With the material below, print exactly the lines between the line holding "father and son" and the line holding "30W261 Mack Road", inclusive. Add nothing else.

_Available data:_
-=-=-=-=-
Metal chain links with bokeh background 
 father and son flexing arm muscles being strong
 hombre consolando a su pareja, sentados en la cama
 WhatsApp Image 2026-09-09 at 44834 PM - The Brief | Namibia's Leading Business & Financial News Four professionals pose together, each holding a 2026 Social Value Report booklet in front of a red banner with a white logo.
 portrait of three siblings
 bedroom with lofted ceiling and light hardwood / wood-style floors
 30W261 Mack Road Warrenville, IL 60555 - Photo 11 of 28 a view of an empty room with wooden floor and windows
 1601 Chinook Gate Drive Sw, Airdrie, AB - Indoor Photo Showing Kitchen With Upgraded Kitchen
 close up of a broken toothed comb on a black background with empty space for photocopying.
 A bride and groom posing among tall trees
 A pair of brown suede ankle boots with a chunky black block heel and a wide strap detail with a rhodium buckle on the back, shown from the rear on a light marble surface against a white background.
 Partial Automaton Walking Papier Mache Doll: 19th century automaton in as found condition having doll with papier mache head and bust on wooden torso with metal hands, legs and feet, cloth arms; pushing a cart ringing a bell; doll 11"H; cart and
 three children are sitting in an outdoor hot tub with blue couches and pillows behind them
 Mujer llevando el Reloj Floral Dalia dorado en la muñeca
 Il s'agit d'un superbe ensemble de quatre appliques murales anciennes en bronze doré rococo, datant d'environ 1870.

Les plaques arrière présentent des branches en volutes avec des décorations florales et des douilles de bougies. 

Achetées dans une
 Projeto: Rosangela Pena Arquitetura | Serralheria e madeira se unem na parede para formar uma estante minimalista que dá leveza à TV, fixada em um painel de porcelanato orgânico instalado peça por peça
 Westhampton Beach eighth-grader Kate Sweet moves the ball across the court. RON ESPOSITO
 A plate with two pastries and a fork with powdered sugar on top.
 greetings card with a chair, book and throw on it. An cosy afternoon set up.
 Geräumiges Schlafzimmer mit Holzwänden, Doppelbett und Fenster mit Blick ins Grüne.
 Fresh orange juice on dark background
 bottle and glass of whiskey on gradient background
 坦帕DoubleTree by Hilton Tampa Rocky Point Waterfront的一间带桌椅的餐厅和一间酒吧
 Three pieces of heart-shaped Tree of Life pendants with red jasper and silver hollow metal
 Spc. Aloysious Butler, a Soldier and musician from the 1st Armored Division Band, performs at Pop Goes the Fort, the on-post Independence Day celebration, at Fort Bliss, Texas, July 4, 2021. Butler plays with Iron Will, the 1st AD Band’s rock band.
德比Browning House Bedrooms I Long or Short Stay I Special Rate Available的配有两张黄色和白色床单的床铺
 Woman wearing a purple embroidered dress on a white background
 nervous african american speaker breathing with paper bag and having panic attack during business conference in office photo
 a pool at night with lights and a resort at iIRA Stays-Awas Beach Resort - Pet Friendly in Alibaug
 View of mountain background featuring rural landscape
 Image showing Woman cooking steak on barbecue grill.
-=-=-=-=-
_Solution for this task:_
 father and son flexing arm muscles being strong
 hombre consolando a su pareja, sentados en la cama
 WhatsApp Image 2026-09-09 at 44834 PM - The Brief | Namibia's Leading Business & Financial News Four professionals pose together, each holding a 2026 Social Value Report booklet in front of a red banner with a white logo.
 portrait of three siblings
 bedroom with lofted ceiling and light hardwood / wood-style floors
 30W261 Mack Road Warrenville, IL 60555 - Photo 11 of 28 a view of an empty room with wooden floor and windows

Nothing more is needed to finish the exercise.